That sense of malaise seems to have spread over into the cast too. By chance a tape of one of the studio recording sessions for ‘Death To The Daleks’ survives – it’s the only the second earliest story where it does – and it’s a distressing experience. Pertwee is clearly not himself: he’s ill tempered with everyone around him and every false start for technicians. He, too, hated the Daleks (because he had no human expressions to interact with), all his friends had either left the series or were leaving, he’s still mourning the tragic loss of Roger Delgado a few months before, he’s split off from his only real friend in the series Elisabeth Sladen for the bulk of the story, he hated director Michael E Briant’s way of working (rehearsing then recording each scene out of order, rather than treating it as a fully rehearsed play filmed in as few takes as possible), he’s just spent another week in a rainy quarry, his back (an old pre-Who injury) is killing him, the scripts give him nothing much to do but great big long lines to learn of exposition and he clearly wants to go home. There are tales told by practically every guest cast who ever worked on a 3rd Doctor story about what a wonderful jokey time everyone had, what a wonderfully warm host Pertwee was and how everyone was eager to rush back and do another one. Not here: everyone is glum. Michael Wisher is still the best of all the Dalek voices and in his last story before taking the Davros role he’s chilling, but given that his pals Roy Skelton and Peter Halliday were both busy he’s left to do all the Dalek voices himself so they sound only monotone and repetitive this story, even by Dalek standards.
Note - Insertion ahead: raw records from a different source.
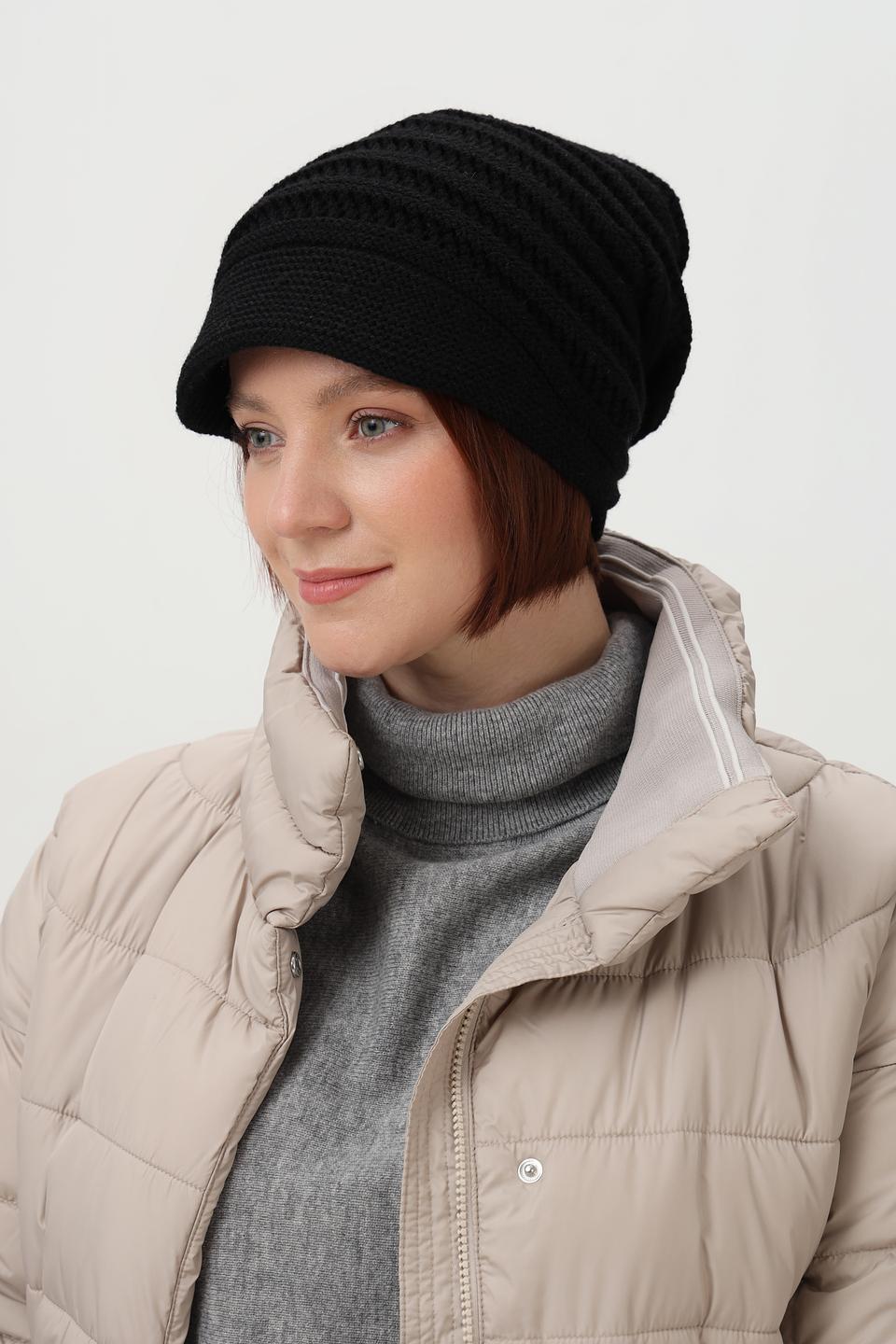 Шапка Loevenich вязаная чёрная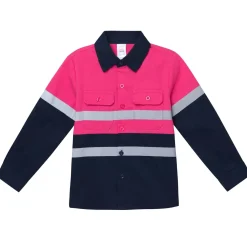 Hi Vis Tradie Work Shirt - Pink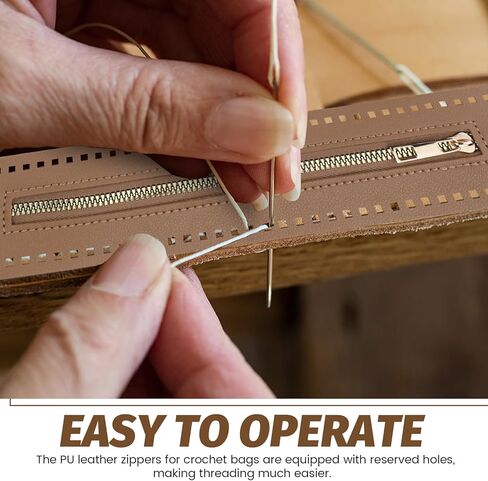 6 قطع من سحاب كروشيه من جلد البولي يوريثان مع فتحات 27 سم/10.6 بوصة من Realand، سحابات معدنية لتثبيت إطار الخياطة لحقيبة الملابس DIY وصنع إكسسوارات الحرف اليدوية، 3 ألوان in Kuwait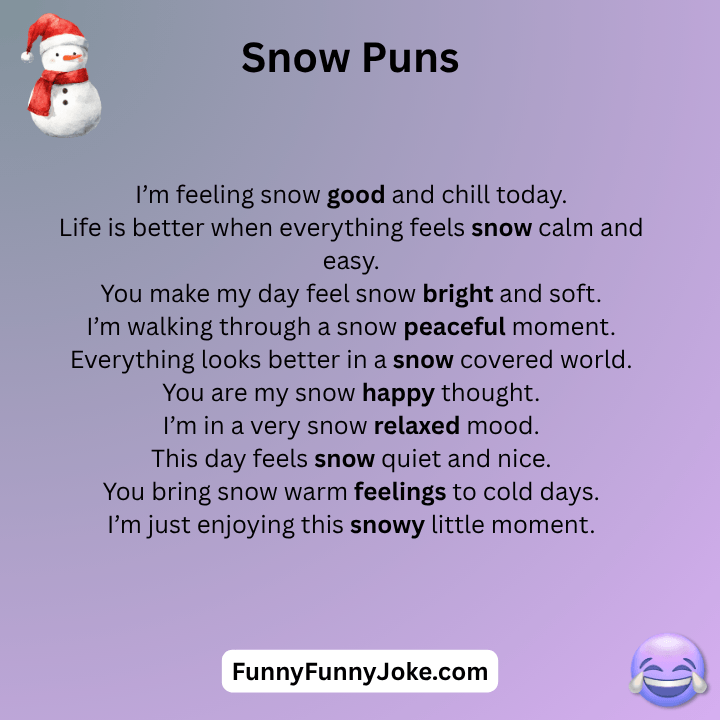 Snow Puns One Liners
Only Arnold is acting his socks off and trying to make things interesting. Even the model makers aren’t up to their usual high standards in this era: far from being ‘one of the 700 wonders of the universe’ this city is a bit of polystyrene with a torch inside it. Even Ormskirk has more going for it than that. Location-wise this is yet another quarry in an era when, even by Dr Who standards, there seem to be a lot of them (well, actually technically it’s a sand pit, at Gallows Hill, Dorset, but it’s near enough the same – the business was so pleased to be linked to Dr Who that at first they waived their fee, then donated it to their local boy scouts group). And if the people making this series don’t care about this story then why should we?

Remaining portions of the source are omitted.